3 RULES TO EFFECTIVE MUSICAL PRACTICE

Musicians spend many hours of them lives practicing with them instruments, because of this, It´s very important to have good techniques to maximize our practice time.    



I have been a great fan of music studies techniques from many years. I would like to write a complete article about this subject in the near future, because I think It´s very important for musicians.  

Next, I´m going to speak about the 3 rules to deep practice what Dan Coyle introduces in his book The Code Talent. This book is highly recommended to everybody.    



Daniel Coyle visited nine of the world’s greatest talent hotbeds, tiny places that produce huge amounts of talent, this include a small music camp in upstate New York as well as an elementary school in California or the baseball fields of the Caribbean

Those 3 rules are very easily adapted to musical practice, we only need to know them well and practice them obstinately.

What is the deep practice?


The deep practice is very similar to going into an unknown dark and unfamiliar room. First, we start exploring slowly, we pay attention to our mistakes, and we repeat our movements little by little. After we are begin to move easer.

According to Coyle “Deep practice means doing three things: 1) chunking - which means breaking things down into their basic parts, then putting them together again in ever-larger groupings; 2) reaching just past the edge of your ability; 3) intensive repetition. When you combine these things, you literally change your brain by constructing new circuits, and making new connections.” 

The 3 rules of deep practice:  

Rule 1º: Chunk it up.  

- Absorb the whole thing. Imitation:
This means spending time staring at or listening to the desired skill, - songs, rhythms, music pieces, etc. – as a single coherent entity.  An example is Ray LaMontagne, a shoe-factory worker, who at age twenty-two had an epiphany the he should become a singer-songwriter. He bought dozens of used music albums and holed them up in his apartment. For two years, every day he spent hours training himself by singing along to the records. LaMontage said “I would sing and sing, and hurt and hurt, because I knew I wasn´t doing it right. It took a log time, but I finally learned to sing from the gut”. Eight years after he started, LaMonntagne´s first album sold nearly half a million copies.
 

In my opinion, musicians can apply this depending on the level of the musician.  

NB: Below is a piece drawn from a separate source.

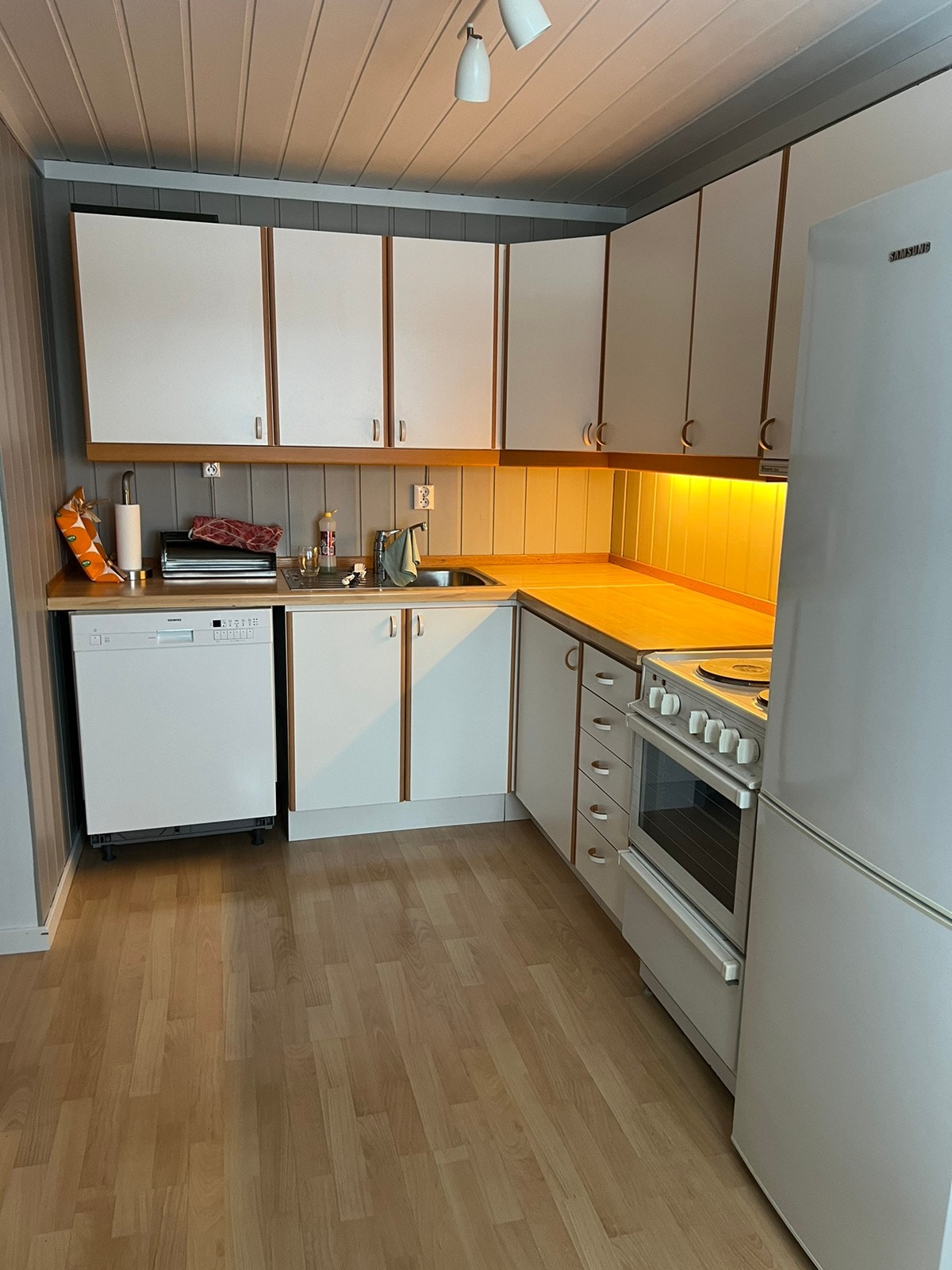 kjøkken med oppvaskmaskin Galleribilde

  • Beginners + Intermediate students: Listen to the music before practicing. Use it as a musical guide.
  • Advance students: Practice the music first and then listen to recordings and use them to create own version. 

- Break it into chunks:
To divide the music into pentagrams, in small fragments or sections. A good idea to apply this is to make a photocopy and then cut them into small chunks. After, we put these all together into an envelope, shake it, and practice those strips in smaller fragments by altering rhythms, playing them in long notes…etc.
 



Coyle said “a musician will play a difficult passage in dotted rhythm. This technique forces the player to quickly link two of the notes in a series, then grants them a beat of rest before the next two-note link. The goal is always the same: to break a skill into its components pieces (circuits), memorize those pieces individually, then link them together in progressively larger groupings (new, interconnected circuits)”.  

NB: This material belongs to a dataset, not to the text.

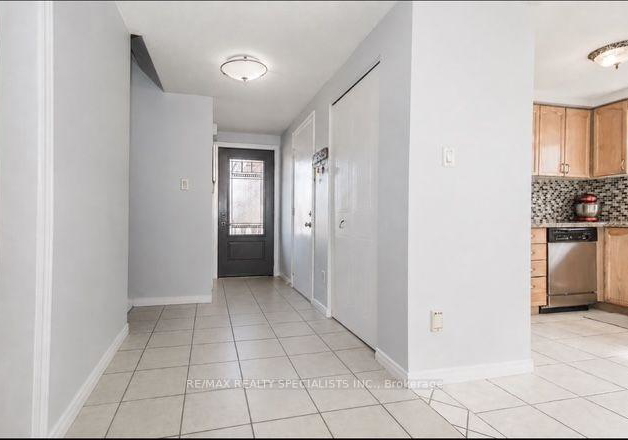 110-steeles-crescent-kitchener-ontario-x13604472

In the Book Mastering the Tuba, Roger Bobo, shows a good example of this technique. He works a difficult passage in the bars 15 and 16 of first moment of R.V. Williams  Tuba Concerto. Bobo makes with 16 notes a long 5-pages extensive exercise. If you do it well, you will never have problems again. 

- Slow it down:  
the slow practice is very important, because it helps to our brain to learn well.  In his book, Coyle explains, “in the Music School of Meadowmount the notes are stretched into whale sounds. One teacher has a rule of thumb: if a passer-by can recognize the song being played, it´s not being practiced correctly. He spends three hours covering a single page of music


Rule 2: Repeat it.

Practice doesn´t make you perfect. The perfect practice makes you perfect.

This quote shows us how important is to be constant and to focus while practicing. Coyle is very clear in this point, if we don´t practice it for a month, our skills will evaporate. Then, if we practice deeply and constantly, our skills will reach a into high level. To illustrate it, we can quote the great pianist V. Horowitz: “If I skip practice for one day, I notice it. If I skip practice for two days, my wife notices. If I skip it for three days, the world notices



Rule 3: Learn to fell it.
 

It´s very important to get a balance point where you can sense the errors when they come. If we want to avoid mistakes, first we should learn to feel them immediately. A violin teacher said to his students “If you hear a string out of tune, it should bother you a lot. That´s what you need to feel. What you are really practicing is concentration.”  

Coyle writes about the sweet spot: “that productive, uncomfortable terrain located just beyond our current abilities, where our reach exceeds our grasp”. For the author, Deep practice is not simply about struggling; it´s about seeking out a particular struggle, which involves a cycle of distinct actions:  

                    1º - Pick a target. 
                    2º - Reach for it.
                    3º - Evaluate the gap between the target and the reach. 
                    4º - Return to step one.